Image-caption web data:
»»

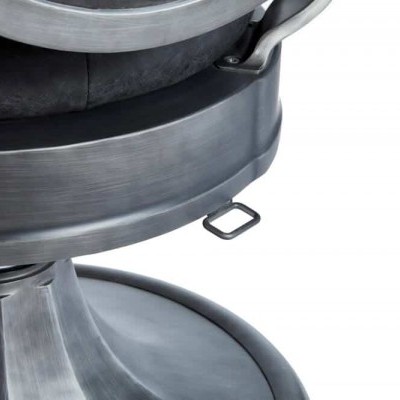 Base de cadeira em metal e assento almofadado preto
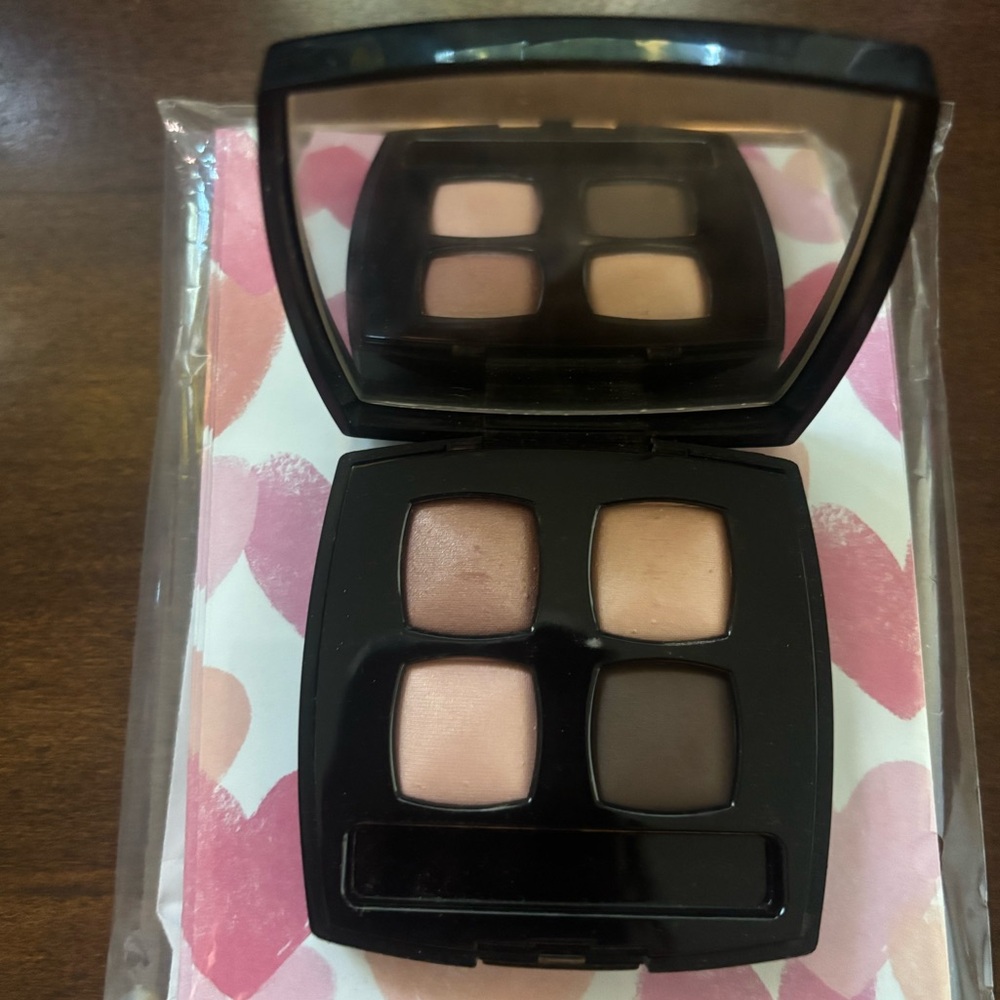 CHANEL Les 4 Ombres Eyeshadow Compact demure 85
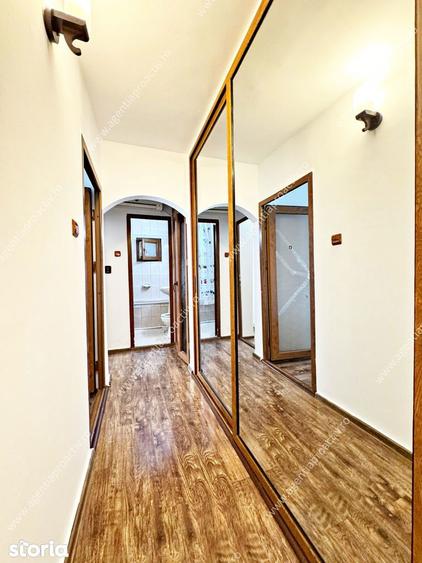 Apartament cu 3 camere decomandat, la etajul 2, in cartierul Micro 16. - 10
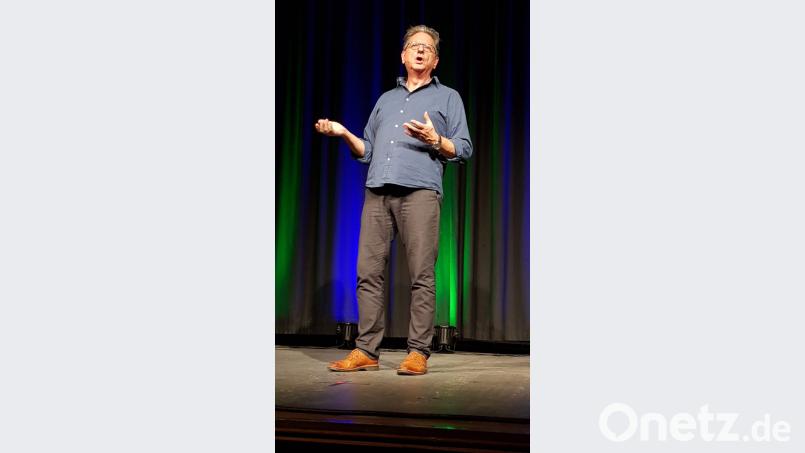 Deftige Wortspiele sind das Markenzeichen von Komiker Günter Grünwald. Bild: ck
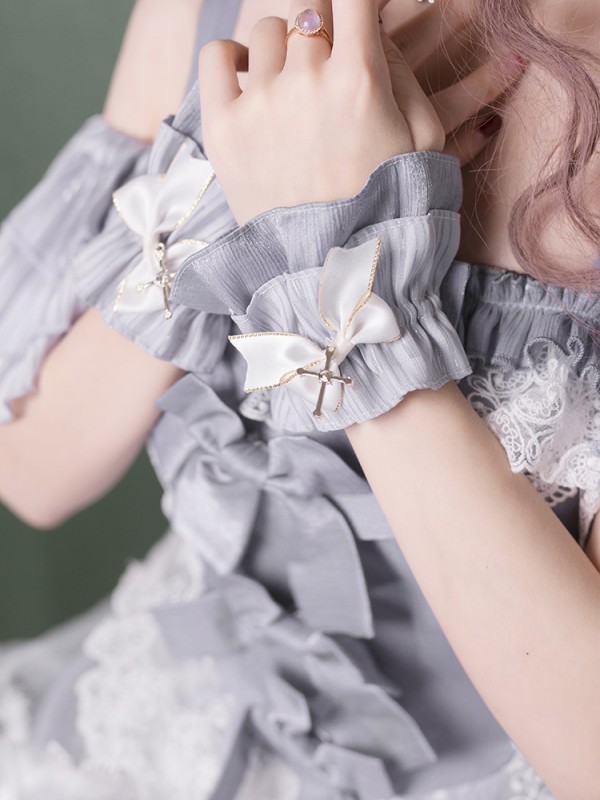 Glistening Froth Elegant Bride Wrist Cuffs Glistening Froth Elegant Bride Wrist Cuffs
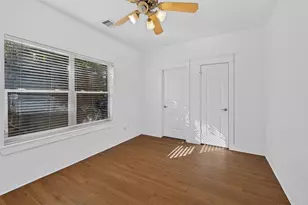 205 Riley Ln, Houston, TX 77003 - Photo 6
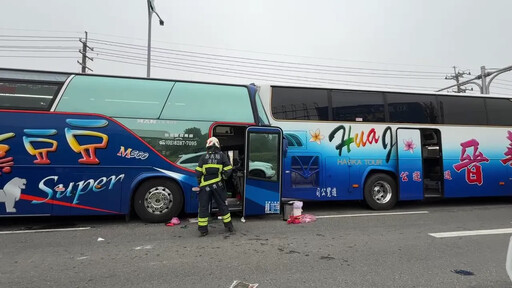 影/近距離變形現場直擊！嘉義「2進香團遊覽車撞轎車」釀24傷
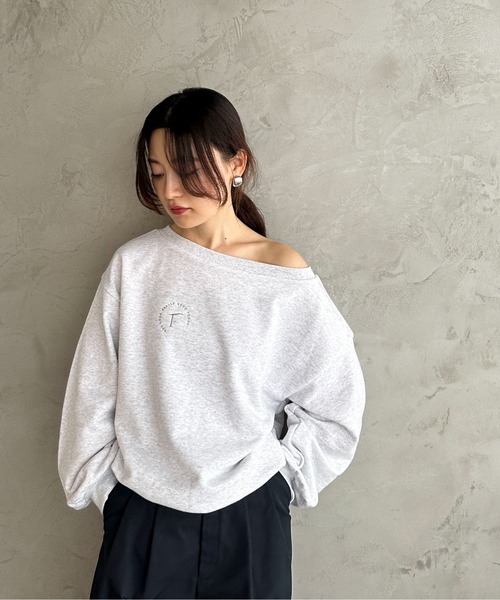 feepur（フェピュール）の「エンブロイダリーワンショルスウェット（スウェット・レディース・オートミール/ブラック/杢グレー・MEDIUM）」の4枚目の写真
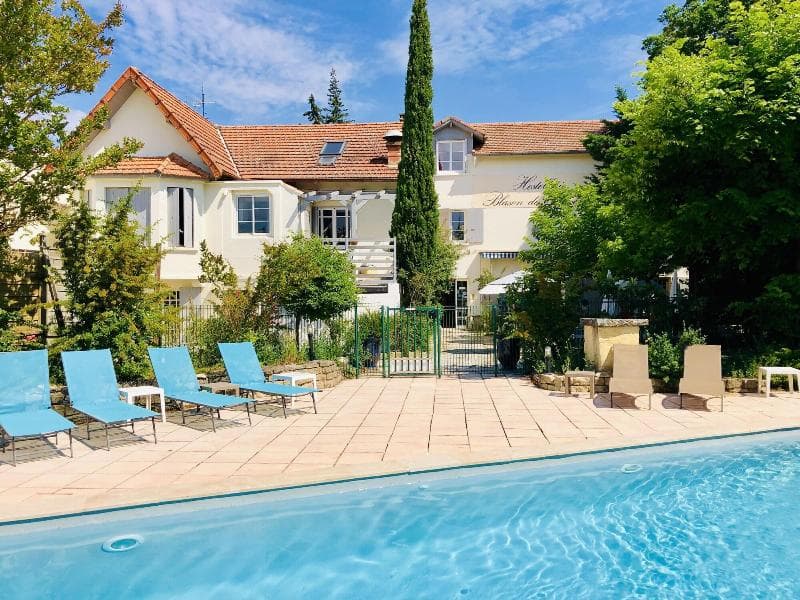 Logis Htel Le Blason De Provence main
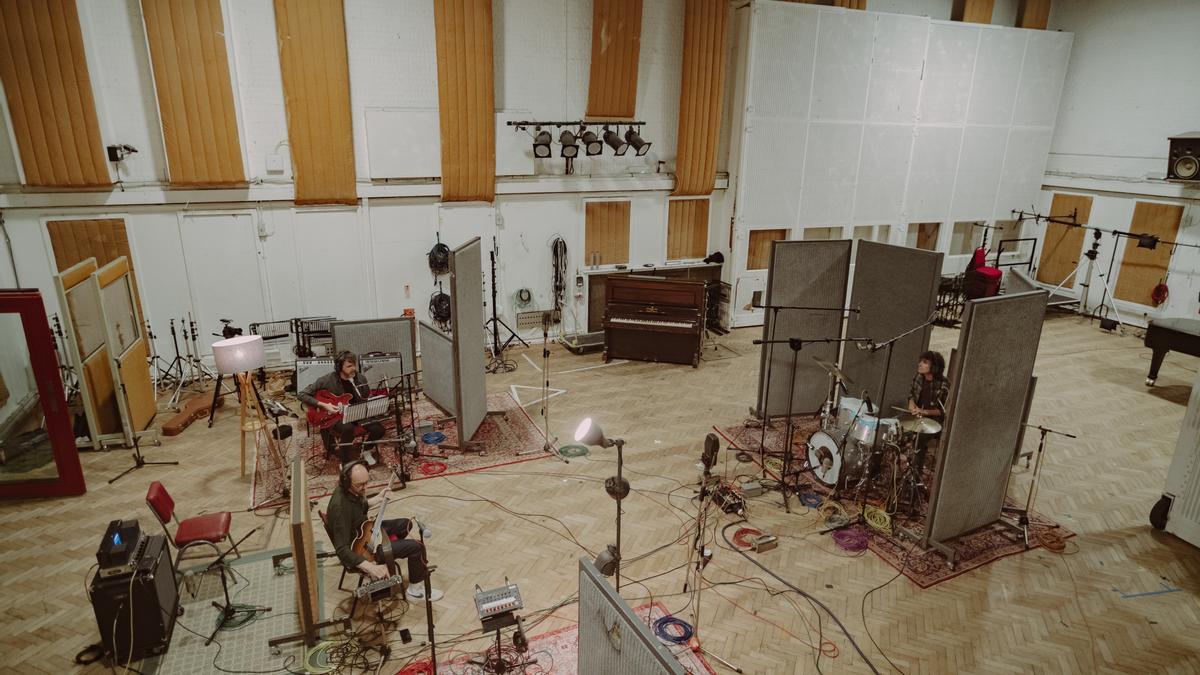 El músico Gorka Ubizu durante un ensayo.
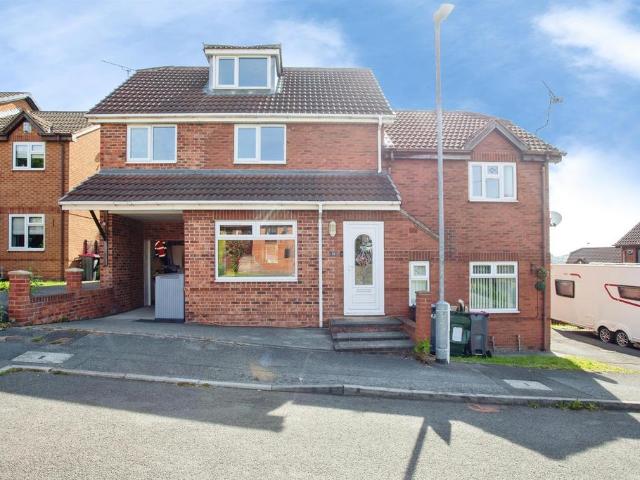 House for sale in Catcliffe, South Yorkshire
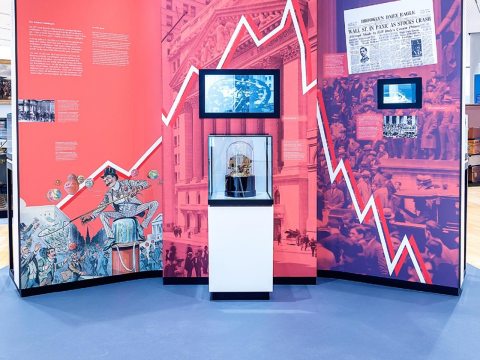 NUSSLI constructed the new permanent exhibition at the Museum of Communication in Frankfurt.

««

Exercise brief -
Only an exact copy of the lines from the top of the entries through the line with "Glistening Froth Elegant Bride Wrist Cuffs Glistening", both included, should be given, with all pictures omitted.

Answer for this exercise -
 Base de cadeira em metal e assento almofadado preto
 CHANEL Les 4 Ombres Eyeshadow Compact demure 85
 Apartament cu 3 camere decomandat, la etajul 2, in cartierul Micro 16. - 10
 Deftige Wortspiele sind das Markenzeichen von Komiker Günter Grünwald. Bild: ck
 Glistening Froth Elegant Bride Wrist Cuffs Glistening Froth Elegant Bride Wrist Cuffs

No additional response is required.